For each vertex, it strikes me that there is a kind of equality that matters for its proper functioning, or a kind of inequality that can pervert it. I don't think the Four Corners model captures this explicitly, though I also don't think it conflicts with the model.
Political liberalism: You can have political institutions intended to check majority power that instead simply entrench minoritarian rule. The Senate, Electoral College, capped House, and filibuster are examples.
Intellectual liberalism: Lack of representation by women or minorities in scientific and other academic fields can shape the kinds of inquiry that are pursued and taken seriously. In science, especially popular communication of science, this can mean the dogged persistence of ideas that naturalize inequality. In history or philosophy this can mean the submersion of important figures or movements. (Just read a wonderful book on antebellum Black liberals—a category that doesn't really exist in contemporary liberal thought but clearly should—so this is top of mind.)
Civil liberalism: The dangers of freedom of association unaccompanied by an inclusive ethos are pretty obvious. Segregation, marginalization, etc.
Economic liberalism: Extreme inequality of wealth leads to an oligarchic class out of touch with ordinary people. It's pretty well-trod to talk about pay-for-influence sorts of corruption. But our current crop of particularly perverse billionaires have shown the outsized influence they have on the intellectual sphere as well, buying up newspapers and cable networks, taking over social media, erecting elaborate think tank-academic-legislative ecosystems.

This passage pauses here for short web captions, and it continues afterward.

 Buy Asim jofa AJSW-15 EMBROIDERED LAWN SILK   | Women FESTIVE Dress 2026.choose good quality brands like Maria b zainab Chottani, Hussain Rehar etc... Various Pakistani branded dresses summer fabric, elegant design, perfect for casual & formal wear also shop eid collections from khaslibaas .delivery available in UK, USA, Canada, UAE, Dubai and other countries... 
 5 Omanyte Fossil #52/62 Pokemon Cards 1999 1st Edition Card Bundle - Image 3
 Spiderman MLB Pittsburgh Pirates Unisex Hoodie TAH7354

Without a practical degree of equality across the various spheres of society, it's pretty easy to get bad results in nominally liberal societies. And without an egalitarian ethic, liberals can too easily find themselves defending these perversities as liberal. But this results in liberalisms leaving whole classes of people languishing and justifying status hierarchies and concentrations of power.

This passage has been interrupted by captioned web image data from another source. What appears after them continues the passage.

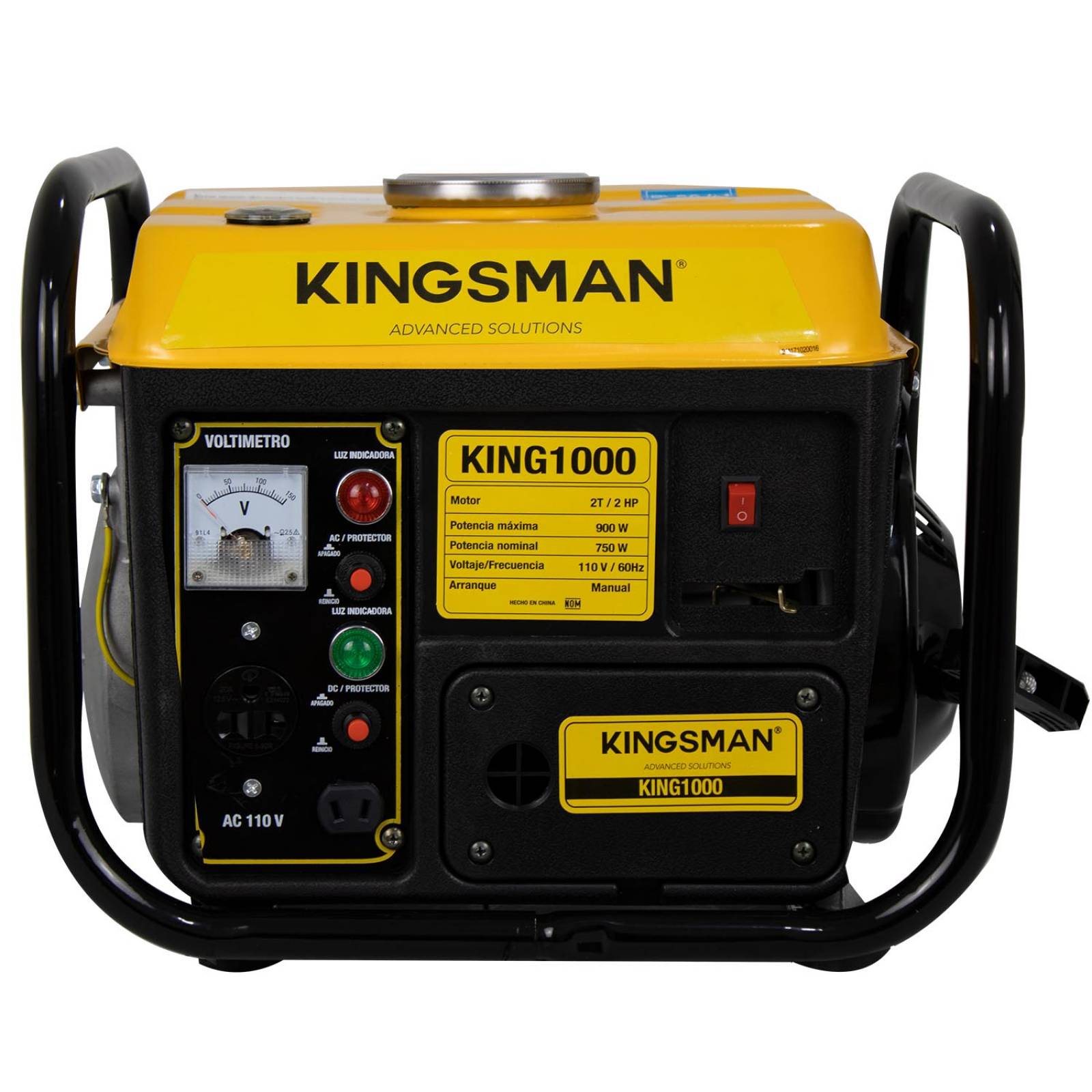 Generador Portatil A Gasolina 110v 2.0hp Corriente Electrica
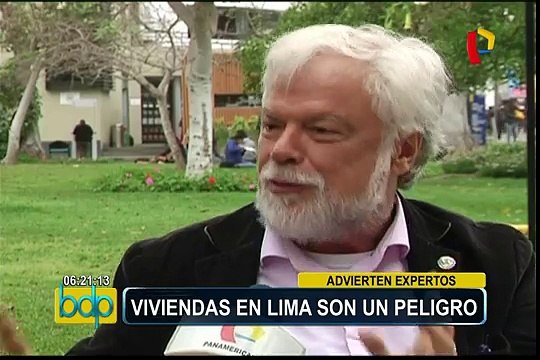 Marcial Blondet: “En Lima muchas casas han sido edificadas sin ningún criterio técnico”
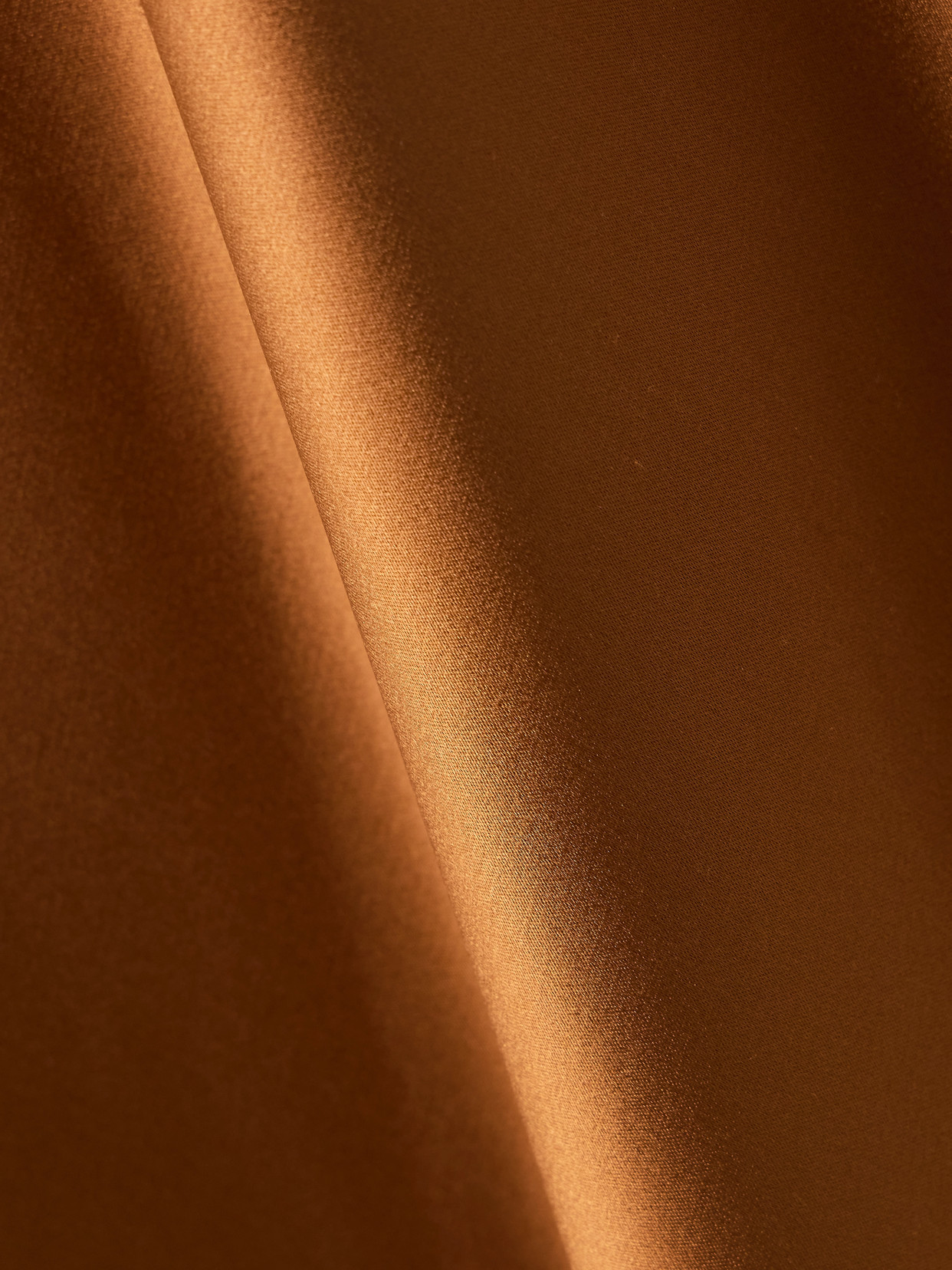 Heirlome Margot Silk-satin Maxi Dress In Brown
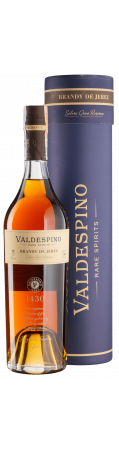 Бренди Valdespino Brandy de Jerez Solera Gran Reserva, 42,5%, 0,7 в тубусе - фото 1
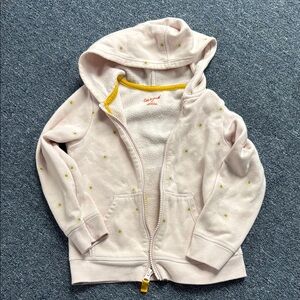 Cat & Jack Girls Full Zip Pullover Hoodie Daisies Size 5T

Perhaps this is just my bleeding heart leftism coming out. For rightwing liberals, liberalism promises neither equal outcomes nor any particular threshold of flourishing. There is, after all, the freedom to fail. But another way to look at the equality dimension of the four corners is maintaining the health of liberalism itself.
Political inequality has, in the US, enabled one political party to go all in on electoral chicanery, voter suppression, and even political violence. The result is an explicitly antidemocratic authoritarian at the head of a fascist movement. Liberalism is imperiled. Intellectual liberalism that fails to include the contributions of diverse points of view and fails to sufficiently cultivate a skilled and educated populace leaves a whole lot of human brain power on the table. Liberalism suffers. Likewise for undeveloped economic citizens. Individuals too overwhelmed by debt and unable to find affordable homes near vibrant economic centers are simply less dynamic economic agents than they could be. Liberalism is again weakened.